This is the cake you make when the preacher comes over for a visit, why you might ask? Because it’s so good it’ll buy your way into Heaven. Only kidding, but this cake is delicious and made with crushed pineapple, pecans, coconut, and a fluffy cream cheese frosting—so it might not be a first-class ticket to the pearly gates but it might get you a better seat on Sundays.
- 3 cups all-purpose flour
- 2 teaspoons baking soda
- 1 teaspoon salt
- 1/2 teaspoon cinnamon
- 2 cups of sugar
- 3 eggs
- 1 cup of vegetable oil
- 2 teaspoons vanilla extract
- 1 20-ounce can crushed pineapple, with juice
- 1 1/2 cups finely chopped pecans or walnuts, divided
- 1 cup flaked coconut (optional)
Cream Cheese Frosting:
- 1 8-ounce package cream cheese, at room temperature
- 1/2 cup (1 stick) butter, at room temperature
- 1 teaspoon vanilla extract
- 2 cups powdered sugar, sifted
- Sift together flour, baking soda, salt, and cinnamon; set aside.
- Combine sugar, eggs, oil, and vanilla and mix on medium-low speed with an electric mixer until creamy. Slowly mix in flour mixture until just combined.
- Add pineapple (undrained), 1 cup chopped pecans and coconut then continue mixing on medium-low speed until all ingredients are thoroughly combined (about 1 minute).
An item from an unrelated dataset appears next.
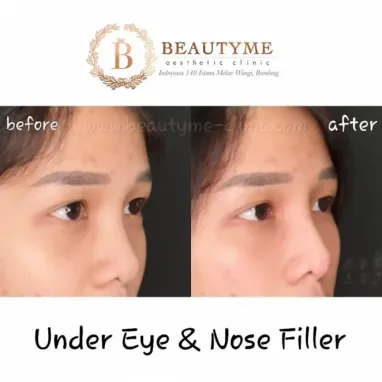 gallery img: Eye Filler / Under Eye Filler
- Spray a 3-quart 13×9 baking pan with cooking spray. Pour cake batter into the pan and bake at 350 degrees for 45-50 minutes or until cake is set in the center and a toothpick inserted comes out clean.
- Cool cake completely in pan then the frost with Cream Cheese Frosting. Sprinkle remaining 1/2 cup chopped pecans over cake. Store in the refrigerator.